**Work required**
Given the records below, the lines starting at the line with "Avenue 67 Leather Aurora Bag" and ending at the line with "Heavy Duty Wheelbarrow . Good Used. Image 4" should be output exactly, both end lines kept and pictures left out.

**Input records**
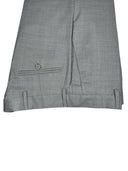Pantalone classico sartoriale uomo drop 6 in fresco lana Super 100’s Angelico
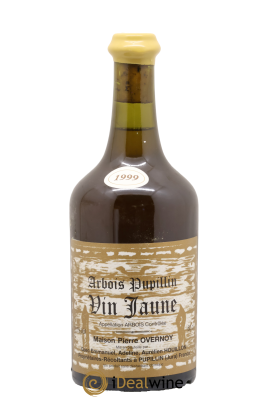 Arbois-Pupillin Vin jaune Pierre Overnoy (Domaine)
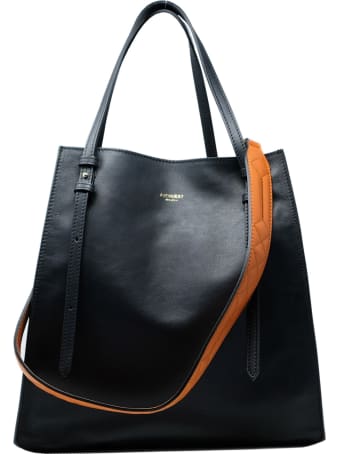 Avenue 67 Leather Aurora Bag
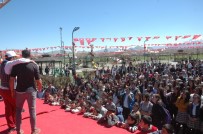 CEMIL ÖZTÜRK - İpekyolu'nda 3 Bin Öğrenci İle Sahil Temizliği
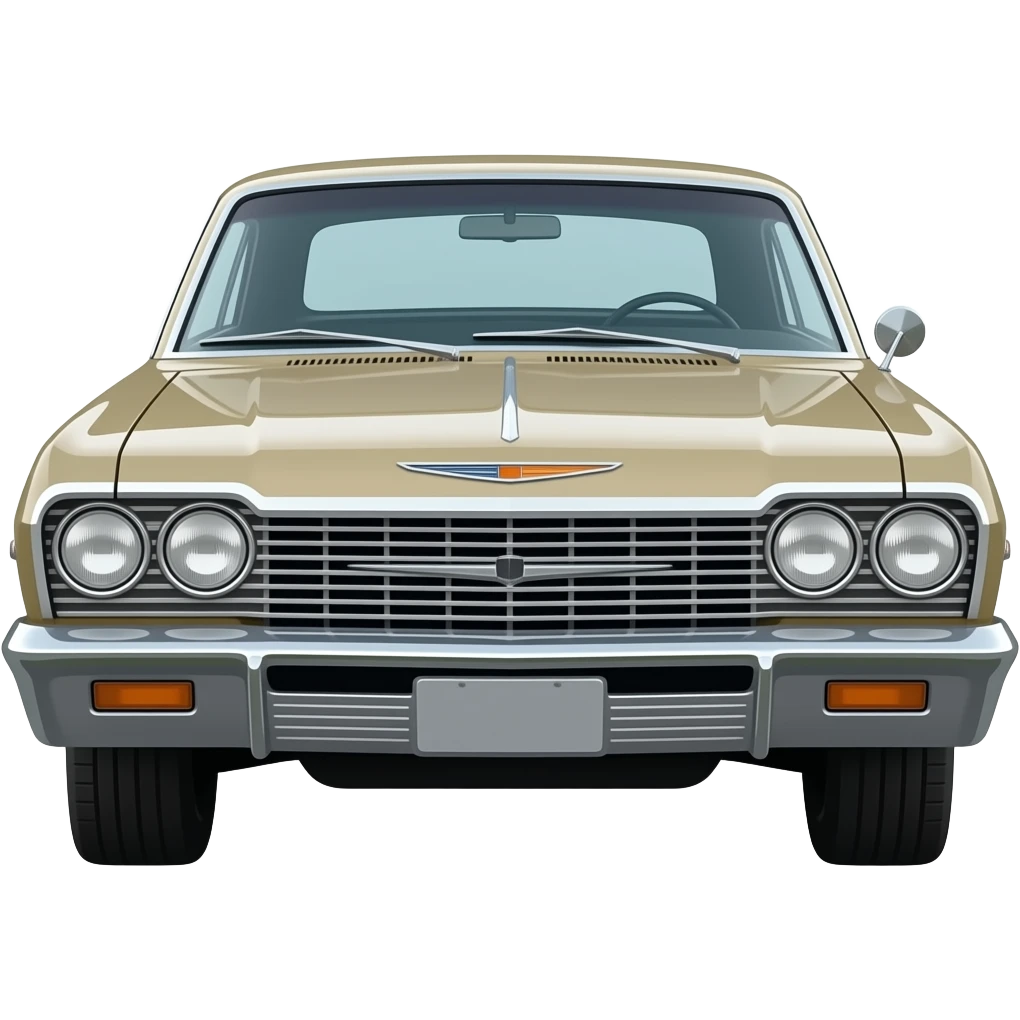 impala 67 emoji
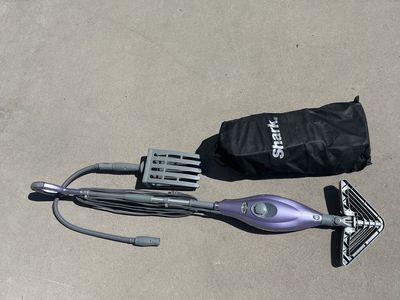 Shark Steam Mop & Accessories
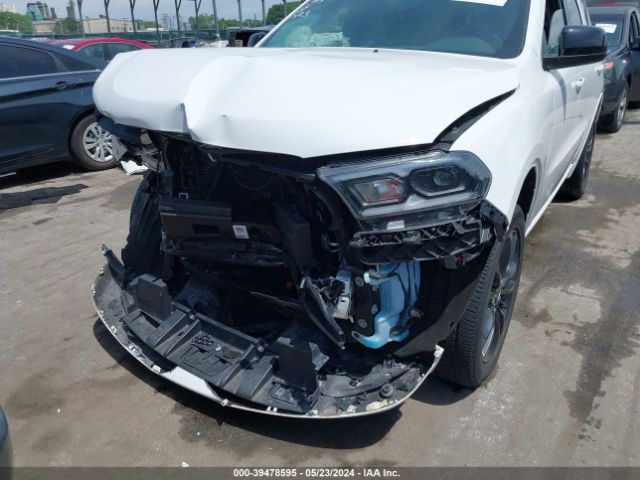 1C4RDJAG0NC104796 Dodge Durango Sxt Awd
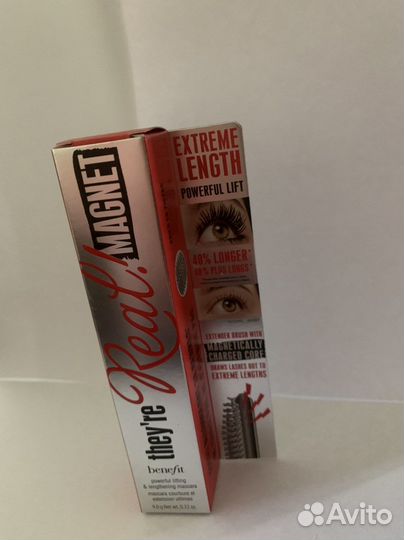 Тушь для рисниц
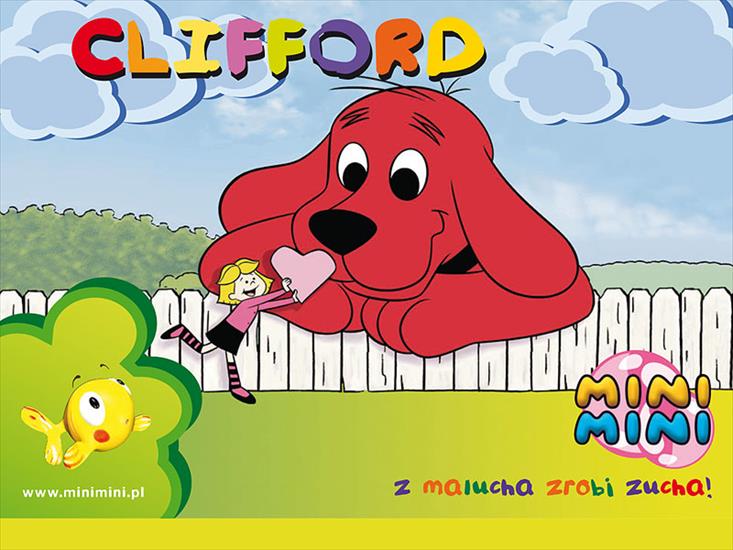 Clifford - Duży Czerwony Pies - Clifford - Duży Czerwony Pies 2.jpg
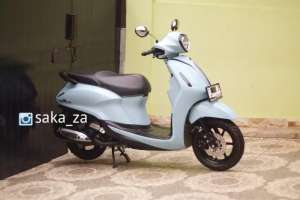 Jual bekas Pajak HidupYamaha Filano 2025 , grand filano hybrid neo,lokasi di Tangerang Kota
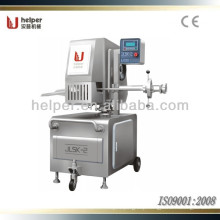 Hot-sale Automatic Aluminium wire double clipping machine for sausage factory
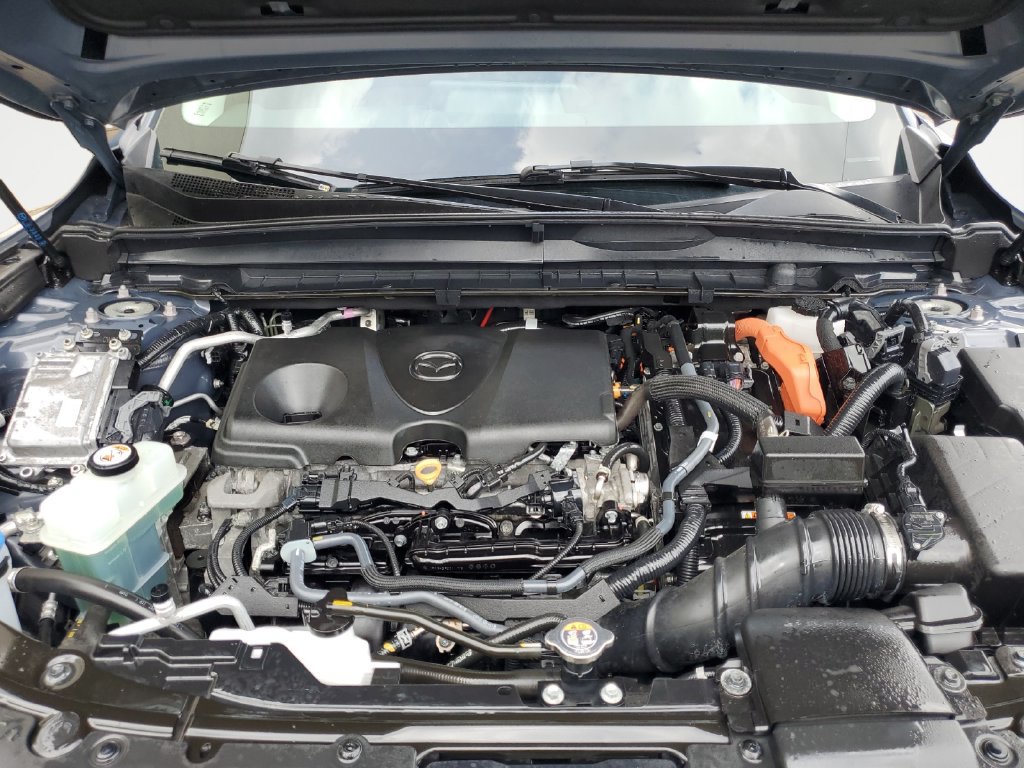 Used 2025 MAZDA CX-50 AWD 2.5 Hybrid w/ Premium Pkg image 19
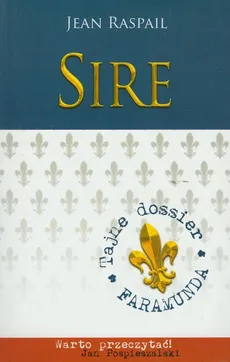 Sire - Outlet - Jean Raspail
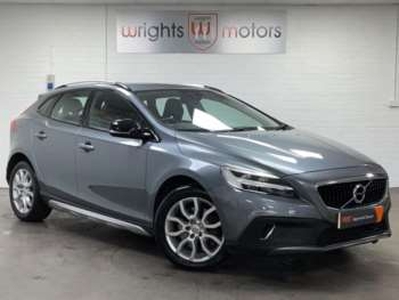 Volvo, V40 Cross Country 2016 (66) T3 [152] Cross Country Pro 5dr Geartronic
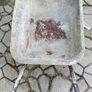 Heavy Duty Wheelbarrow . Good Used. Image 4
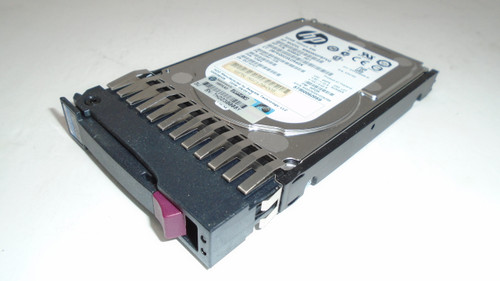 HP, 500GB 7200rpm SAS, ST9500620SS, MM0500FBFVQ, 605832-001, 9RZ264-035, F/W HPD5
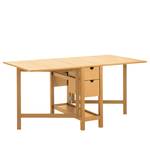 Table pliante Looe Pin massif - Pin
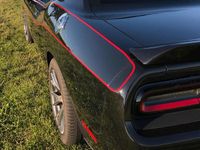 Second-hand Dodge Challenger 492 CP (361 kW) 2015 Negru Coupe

**Exercise answer**
 Avenue 67 Leather Aurora Bag
 CEMIL ÖZTÜRK - İpekyolu'nda 3 Bin Öğrenci İle Sahil Temizliği
 impala 67 emoji
 Shark Steam Mop & Accessories
 1C4RDJAG0NC104796 Dodge Durango Sxt Awd
 Тушь для рисниц
 Clifford - Duży Czerwony Pies - Clifford - Duży Czerwony Pies 2.jpg
 Jual bekas Pajak HidupYamaha Filano 2025 , grand filano hybrid neo,lokasi di Tangerang Kota
 Hot-sale Automatic Aluminium wire double clipping machine for sausage factory
 Used 2025 MAZDA CX-50 AWD 2.5 Hybrid w/ Premium Pkg image 19
 Sire - Outlet - Jean Raspail
 Volvo, V40 Cross Country 2016 (66) T3 [152] Cross Country Pro 5dr Geartronic
 Heavy Duty Wheelbarrow . Good Used. Image 4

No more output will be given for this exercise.